Check this page Stan User’s Guide

And to input them into InferenceData check this

https://arviz-devs.github.io/arviz/api/generated/arviz.from_pystan.html

So basically create one model and fit for prior and one for posterior.

1 Like

Thank you!

Actually @ahartikainen, I did have one more question. So, in my case, I’m using data from a known data generating process where I know the actual parameter values. Is there a straightforward way in Arviz to plot the “known” data generating parameter values as vertical lines over the prior/posterior density functions?

The output from that function is matplotlib axis / bokeh figure so the easiest way is to add those lines manually.

E.g

ax = az.plot_...
ax.axvline(x)

https://matplotlib.org/stable/api/_as_gen/matplotlib.pyplot.axvline.html

1 Like

These two examples from my probprog poster and from arviz docs on populating all groups can also be helpful. They still use pystan 2 though.

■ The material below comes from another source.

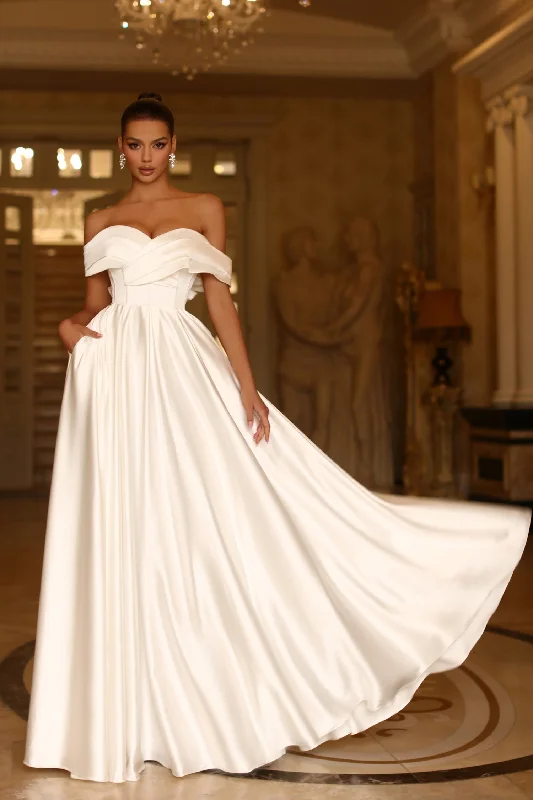 Tina Holly TE207W Long Pleated A Line Wedding Dress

To try and add a bit more to @ahartikainen’s answer on axvline, if you have the true values as an xarray dataset (from using arviz.from_dict for example, use observed_data to take into account that there should be no chain nor draw dimension) you can use xarray_var_iter to get a list of var_name, selected_coords, selected_indexs, value. You should then be able to do

truths = az.from_dict(...)  # or raw xarray.Dataset might be better
axes = az.plot_dist_comparison(...)

for ax, (_, _, _, value) in zip(axes[:, -1], xarray_var_iter(truths)):
    ax.asvline(value)

Plotting functions use these helpers under the hood, so the order will be the same if the dataset variables are in the same order, however, to make sure order is aligned it would be a good idea to use var_names with the same variables and order when calling plot_dist_comparison and xarray_var_iter.

1 Like